The only small chance for peace today is the same chance that existed before the Gaza invasion: The moderate Arab states, Europe, the United States and, mainly, Israel, must help Hamas’s enemy, Fatah, prepare the West Bank for real freedom, and then hope that the people of Gaza, vast numbers of whom are unsympathetic to Hamas, see the West Bank as an alternative to the squalid vision of Hassan Nasrallah and Nizar Rayyan.

I wasn’t that big a fan of the piece, analytically, though it certainly is admirably witty. But be that as it may, it would certainly be desirable to see the more practical crew running Fatah having more support and control over the situation. But Israel’s attacks on Gaza are causing the reverse to happen just as the war in Lebanon 30 months ago had that effect. And, indeed, how Israel’s settlement expansions and growing network of roadblocks and special highways crossing the West Bank are weakening Fatah and the forces of Palestinian moderation. And of course recall that it was deliberate Israeli—and American—policy to weaken Fatah for years after the collapse of the Camp David talks. This “help Hamas’s enemy, Fatah” strategy is fine but it needs to be backed up by real steps. And the United States probably needs to take the lead since the Israeli political dynamic has become myopically focused on short-term issues. A president willing to demand a real freeze on settlement activity would be a great first step.

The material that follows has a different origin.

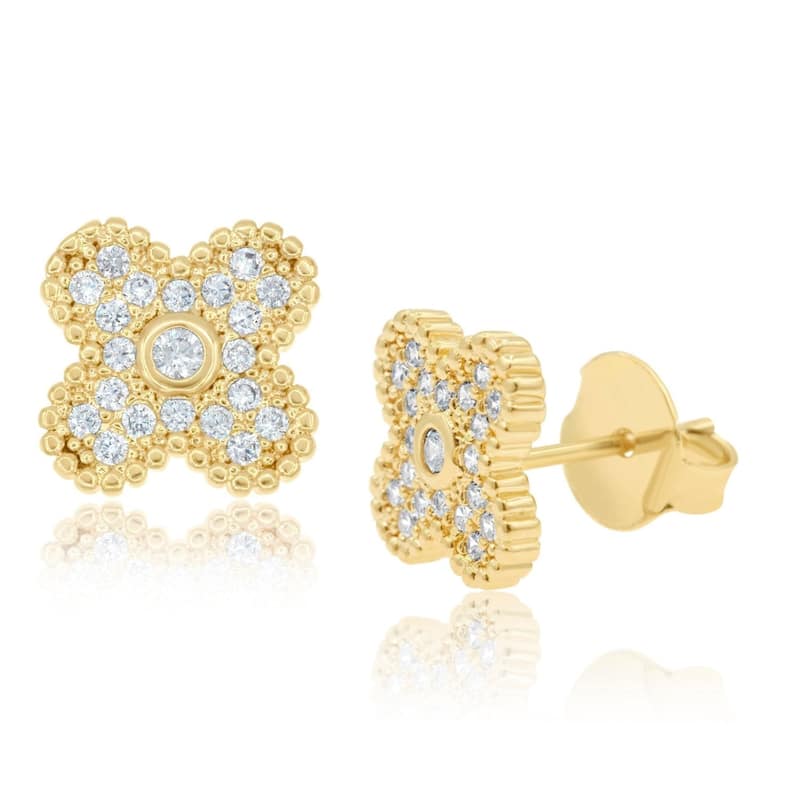 SHYMI Small Pave Clover Earrings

Filed under: Hamas, Israel, Settlements





46 Responses to “The Dissonance”

  1. gustav Says:

    Israel trying to strengthen or weaken some faction among the Palestinians (or the Lebanese, for that matter) is a fool’s game–it’s never worked yet.

    You just have to talk to (or fight with) whoever they put across the table. The sooner everyone realizes this, the better. Conspicuously setting out to “help Fatah” is a waste of time and probably counterproductive.

  2. Amicus Says:

    Those with a long memory will recall that the Hamas was originally supported (by Israel) as a counterweight to … wait for it .. Fatah.

  3. The Other Steve Says:

    But Israel’s attacks on Gaza are causing the reverse to happen just as the war in Lebanon 30 months ago had that effect.

    There is a funny thing about war. In the beginning it causes support to rise for the leadership… a bunker mentality.

    However if the conflict drags on and on and it is clear you are losing, and it is largely due to the incompetence of those in charge, support for those in power fails and there is a demand for something new.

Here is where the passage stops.